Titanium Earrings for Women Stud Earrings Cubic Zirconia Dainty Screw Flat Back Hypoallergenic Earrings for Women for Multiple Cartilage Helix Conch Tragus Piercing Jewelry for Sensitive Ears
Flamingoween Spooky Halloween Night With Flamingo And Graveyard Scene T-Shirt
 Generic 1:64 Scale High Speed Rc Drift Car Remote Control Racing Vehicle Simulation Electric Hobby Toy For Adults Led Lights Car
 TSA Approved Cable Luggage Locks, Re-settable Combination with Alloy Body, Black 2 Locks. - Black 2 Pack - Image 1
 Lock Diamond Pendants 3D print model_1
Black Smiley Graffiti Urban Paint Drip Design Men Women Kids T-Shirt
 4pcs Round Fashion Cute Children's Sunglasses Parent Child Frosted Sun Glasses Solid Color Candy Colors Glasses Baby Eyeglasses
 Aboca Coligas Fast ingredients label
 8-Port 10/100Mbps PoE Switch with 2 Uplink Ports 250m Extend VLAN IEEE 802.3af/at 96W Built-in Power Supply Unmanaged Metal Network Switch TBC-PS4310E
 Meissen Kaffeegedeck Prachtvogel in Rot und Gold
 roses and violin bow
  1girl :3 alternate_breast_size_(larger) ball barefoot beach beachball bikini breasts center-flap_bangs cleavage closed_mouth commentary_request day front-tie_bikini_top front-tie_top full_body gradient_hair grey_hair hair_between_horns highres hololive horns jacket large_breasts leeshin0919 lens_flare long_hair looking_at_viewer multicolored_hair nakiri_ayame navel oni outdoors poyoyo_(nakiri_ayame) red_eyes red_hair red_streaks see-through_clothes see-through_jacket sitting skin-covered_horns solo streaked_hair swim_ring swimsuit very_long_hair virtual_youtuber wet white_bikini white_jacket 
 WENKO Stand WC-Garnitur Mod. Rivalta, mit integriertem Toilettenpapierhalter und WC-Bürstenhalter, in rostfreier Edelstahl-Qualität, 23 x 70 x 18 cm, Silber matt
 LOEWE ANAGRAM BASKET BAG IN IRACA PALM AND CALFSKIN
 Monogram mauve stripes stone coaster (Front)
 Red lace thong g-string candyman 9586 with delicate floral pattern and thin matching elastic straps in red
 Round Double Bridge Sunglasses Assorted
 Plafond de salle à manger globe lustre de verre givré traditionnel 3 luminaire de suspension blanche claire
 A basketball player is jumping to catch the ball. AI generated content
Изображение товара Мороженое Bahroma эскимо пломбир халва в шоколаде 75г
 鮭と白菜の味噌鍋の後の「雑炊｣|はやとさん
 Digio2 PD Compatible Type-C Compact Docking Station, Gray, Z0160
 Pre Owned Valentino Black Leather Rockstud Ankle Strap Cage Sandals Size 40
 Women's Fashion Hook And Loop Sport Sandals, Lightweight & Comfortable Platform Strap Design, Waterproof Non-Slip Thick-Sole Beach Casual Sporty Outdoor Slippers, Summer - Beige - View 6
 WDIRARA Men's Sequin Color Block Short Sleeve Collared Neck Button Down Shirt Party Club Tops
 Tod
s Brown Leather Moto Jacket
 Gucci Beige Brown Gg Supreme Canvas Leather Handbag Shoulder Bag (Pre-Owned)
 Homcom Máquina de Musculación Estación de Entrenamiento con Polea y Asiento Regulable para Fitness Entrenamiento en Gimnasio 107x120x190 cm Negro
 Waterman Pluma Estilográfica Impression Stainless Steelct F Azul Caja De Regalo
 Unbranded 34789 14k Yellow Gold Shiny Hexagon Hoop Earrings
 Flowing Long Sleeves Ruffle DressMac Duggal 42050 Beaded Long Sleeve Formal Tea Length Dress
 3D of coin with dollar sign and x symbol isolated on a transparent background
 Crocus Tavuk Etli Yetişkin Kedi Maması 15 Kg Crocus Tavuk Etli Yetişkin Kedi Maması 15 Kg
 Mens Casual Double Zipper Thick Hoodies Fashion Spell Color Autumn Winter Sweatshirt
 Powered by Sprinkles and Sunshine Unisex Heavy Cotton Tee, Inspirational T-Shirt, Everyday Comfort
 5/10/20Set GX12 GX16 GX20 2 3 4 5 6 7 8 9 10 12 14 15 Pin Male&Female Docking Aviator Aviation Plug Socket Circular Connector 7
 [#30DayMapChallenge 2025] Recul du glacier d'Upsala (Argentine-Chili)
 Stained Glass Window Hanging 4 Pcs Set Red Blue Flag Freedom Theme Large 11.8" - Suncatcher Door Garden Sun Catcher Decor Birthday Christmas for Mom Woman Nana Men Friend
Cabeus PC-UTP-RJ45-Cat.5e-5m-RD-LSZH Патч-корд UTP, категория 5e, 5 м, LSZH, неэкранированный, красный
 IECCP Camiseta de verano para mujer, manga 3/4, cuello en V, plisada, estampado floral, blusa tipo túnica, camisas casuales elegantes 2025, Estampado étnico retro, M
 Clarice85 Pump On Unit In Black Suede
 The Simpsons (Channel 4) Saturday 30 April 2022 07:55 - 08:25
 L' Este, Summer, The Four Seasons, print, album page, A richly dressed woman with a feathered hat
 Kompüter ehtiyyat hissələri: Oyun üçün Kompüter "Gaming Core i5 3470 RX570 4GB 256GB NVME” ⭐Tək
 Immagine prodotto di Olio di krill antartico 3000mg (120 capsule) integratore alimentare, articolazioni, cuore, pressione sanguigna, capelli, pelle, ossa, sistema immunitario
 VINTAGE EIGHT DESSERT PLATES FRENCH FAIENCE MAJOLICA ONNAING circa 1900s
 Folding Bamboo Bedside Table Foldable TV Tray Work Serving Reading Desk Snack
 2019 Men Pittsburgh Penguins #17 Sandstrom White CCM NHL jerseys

· · · ·

Once you reach the line with "Generic 1:64 Scale" in the data above, copy it and every line after it exactly, up to and including the line with "roses and violin bow".

 Generic 1:64 Scale High Speed Rc Drift Car Remote Control Racing Vehicle Simulation Electric Hobby Toy For Adults Led Lights Car
 TSA Approved Cable Luggage Locks, Re-settable Combination with Alloy Body, Black 2 Locks. - Black 2 Pack - Image 1
 Lock Diamond Pendants 3D print model_1
Black Smiley Graffiti Urban Paint Drip Design Men Women Kids T-Shirt
 4pcs Round Fashion Cute Children's Sunglasses Parent Child Frosted Sun Glasses Solid Color Candy Colors Glasses Baby Eyeglasses
 Aboca Coligas Fast ingredients label
 8-Port 10/100Mbps PoE Switch with 2 Uplink Ports 250m Extend VLAN IEEE 802.3af/at 96W Built-in Power Supply Unmanaged Metal Network Switch TBC-PS4310E
 Meissen Kaffeegedeck Prachtvogel in Rot und Gold
 roses and violin bow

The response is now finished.